Bayer CropScience AG v. Dow AgroSciences LLC

Addressing the negative consequences of poor or erroneous claim drafting, the U.S. Court of Appeal for the Federal Circuit affirmed a narrow interpretation of a functional claim and a grant of summary judgment of non-infringement in favor of the defendant, finding that a narrow description of one species does not support a broader construction of the genus. Bayer CropScience AG v. Dow AgroSciences LLC, Case No. 13-1002 (Fed. Cir., Sept. 3, 2013) (Taranto, J.).

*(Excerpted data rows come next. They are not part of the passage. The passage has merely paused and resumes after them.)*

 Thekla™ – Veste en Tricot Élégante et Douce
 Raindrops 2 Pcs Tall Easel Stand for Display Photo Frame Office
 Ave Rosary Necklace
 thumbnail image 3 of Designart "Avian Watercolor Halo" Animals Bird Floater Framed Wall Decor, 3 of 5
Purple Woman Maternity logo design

Bayer filed a patent application with claims directed to an enzyme that, when genetically incorporated into plants, could make them resistant to the herbicide 2,4-D. According to the application, the enzyme catalyzed the breakdown of 2,4-D into something harmless in plants. As a result, the 2,4-D herbicide could be used to destroy weeds with no adverse effects on the genetically engineered plants. The application described the enzyme as having a 2,4-D monooxygenase function. This function was merely an assumption and unverified at the time. Later, while Bayer's application was still pending, scientists determined that the enzyme was in fact a dioxygenase not a monooxygenase. However, Bayer failed to take appropriate steps to correct the error or to establish on record that the discovered enzyme functioned as a 2,4-D dioxygenase. On the contrary, Bayer pursued claims that were directed to the erroneously claimed function. The application issued as a patent with broad functional claims drawn to any and all recombinant genes encoding polypeptides having biological activity of 2,4-D monooxygenase.

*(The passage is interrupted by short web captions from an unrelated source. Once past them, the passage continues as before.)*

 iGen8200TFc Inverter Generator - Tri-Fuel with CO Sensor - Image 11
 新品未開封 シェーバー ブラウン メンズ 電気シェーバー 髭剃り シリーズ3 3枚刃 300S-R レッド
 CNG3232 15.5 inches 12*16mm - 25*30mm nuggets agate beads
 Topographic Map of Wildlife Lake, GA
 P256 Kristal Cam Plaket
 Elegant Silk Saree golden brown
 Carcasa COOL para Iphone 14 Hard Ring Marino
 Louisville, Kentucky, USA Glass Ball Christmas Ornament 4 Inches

In the meantime, Dow AgroSciences produced a line of genetically modified seeds resistant to 2,4-D, which expressed two dioxygenase (i.e., aryloxyalkanoate dioxygenase) enzymes. Bayer sued Dow for infringing its patent. In a Markman hearing that followed, Bayer sought a broad claim construction that would cover the Dow products. Bayer wanted the claims to be construed as covering any oxygenase enzyme that bring about the cleavage of the side chain of 2,4-D. The district court applied the "plain and ordinary meaning" to the term "2,4-D monooxygenase," which based on the established scientific meaning functioned differently from a 2,4-D dioxygenases including the dioxygenases of Dow. Bayer appealed.

The Federal Circuit affirmed, reasoning that "public notice and patentee drafting duties make it appropriate to demand such a clarity here: Bayer chose the language based on an unverified belief that it accurately described its enzyme, learned that the belief was false while its application was pending, had seven years before its patent issued to alter the language, but never did."

Moreover, by acknowledging that validity analysis is not a regular component of claim construction, the Federal Circuit indicated that if it were to adopt the Bayer's broad claim construction, the claims could be invalid for failing to meet the written description requirement. The Court acknowledged that it had not articulated a comprehensive and precise formulation for identifying how the broad construction could be found invalid under the written description requirement, but was of the opinion that disclosing one enzyme without sufficient correlation between its structure and function did not provide adequate written description support for a broad genus claim. Thus the Federal Circuit affirmed the district court's summary judgment of non-infringement in favor of Dow.